The politics of sexting
The list of men who should know better grows ever longer.
Anthony Weiner — the former U.S. congressman caught out sharing intimate images three times and sent to jail — remains the ultimate example. But politicians of all stripes and nationalities seem to have difficulty keeping their privates private:
- Andrew Griffiths, the U.K.'s minister for small business, resigned last summer after revelations that the 48-year-old had sent 2,000 "lewd and inappropriate" texts to two young barmaids.
- Simon Danczuk, a 49-year-old U.K. backbench MP, was kicked out of the Labour Party after he admitted to sexting with a 17-year-old constituency assistant.
- Joe Barton, a 68-year-old Republican Congressman from Texas, sought re-election in this week's midterms after a scandal involving nude photos that he sent to female voters.
- Peter Dowling had to step down as chair of the parliamentary ethics committee in Australia's Queensland after his former mistress shared explicit photos involving a glass of red wine.
- Michael Harris, a longtime Ontario MPP, was booted out of the Tory caucus and left provincial politics amidst allegations that he had sexted a former intern.
And now Tony Clement.
On Tuesday night, the former federal cabinet minister revealed that he was resigning as the Conservatives' justice critic following an alleged blackmail attempt from someone with whom he had shared "sexually explicit images and a video."
Yesterday, the married 57-year-old was suspended by his party following what Tory leader Andrew Scheer suggested was a pattern of troubling behaviour toward young women on various social media platforms.
And now today, Clement has issued a statement admitting to even more acts of poor judgment and infidelity, as well as a prior extortion attempt that he says he reported to the O.P.P last summer.
Maybe it's just that smart phones often make us dumb, especially when passions are at play.

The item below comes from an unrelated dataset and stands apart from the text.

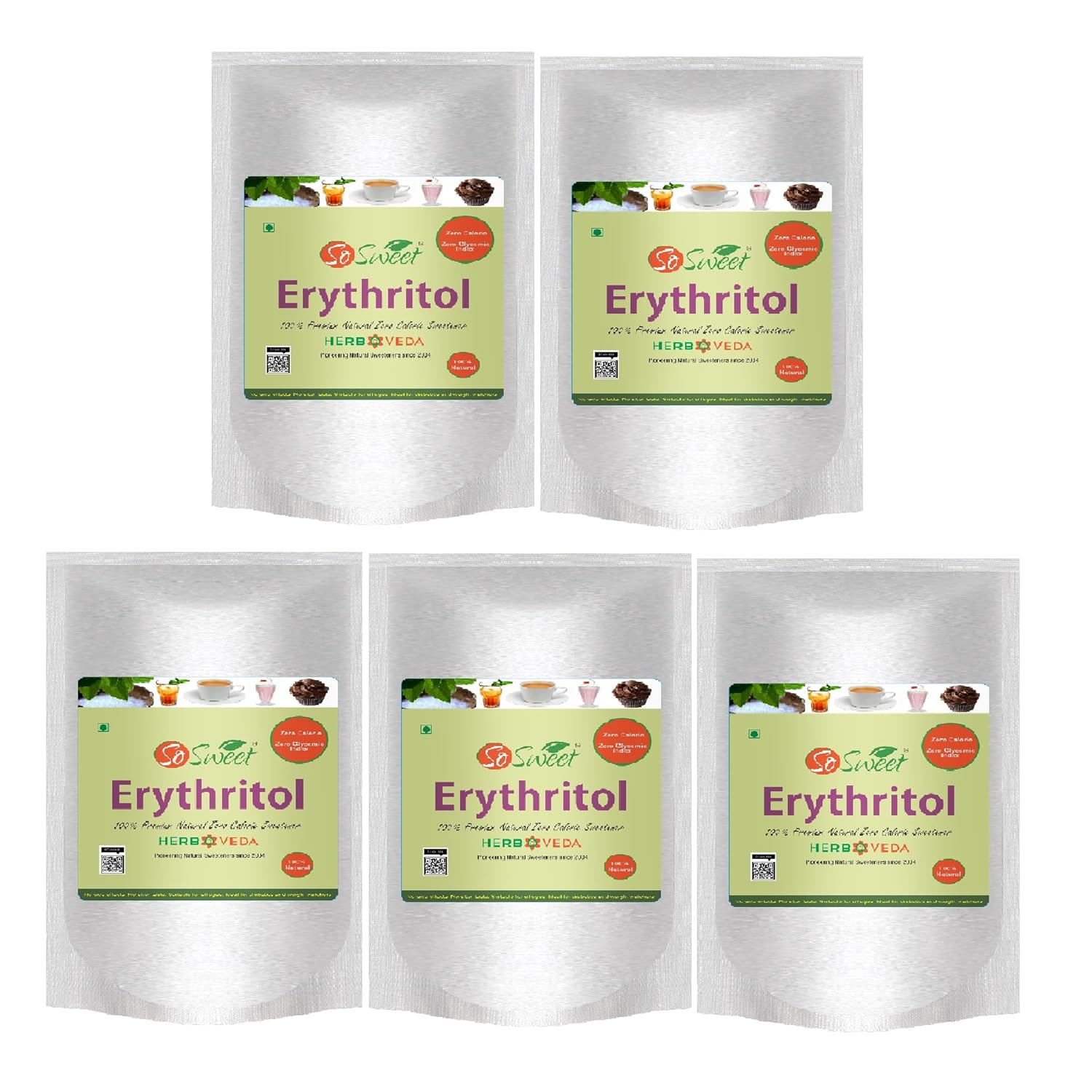 So Sweet Erythritol  Sugar Free Natural Sweetener Alternative to Sugar - So Sweet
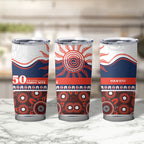 Roosters NAIDOC Week Personalised Tumbler Cup Aboriginal Torres Strait Islanders Vibe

Surveys suggest that sexting is either commonplace or rampant — with between 30 per cent and 89 per cent of adults having shared or received intimate images, depending on which data sets you choose to believe.
However, most exchanges come within a committed, or at least casual, relationship. Just 12 per cent admitting to using photos to help them cheat.
The reasons why people engage in sexting are at once obvious, and complex.
Some find it fun or flirtatious, although the research suggests there are strong gender differences. Women who sext often say they do it to please a partner, or enhance intimacy. For men, it is frequently a strategy to "satisfy sexual needs while keeping their partners at a distance."
People with high self-esteem are less likely to send nude photos or videos. Those prone to risky sexual behaviours are more apt to overshare. Alcohol and the use of illicit substances also play a role.
Is there something unique about politicians?
Italian research suggests that they use social media in a different way than the average person — primarily for self-promotion and public signalling, rather than seeking support and community.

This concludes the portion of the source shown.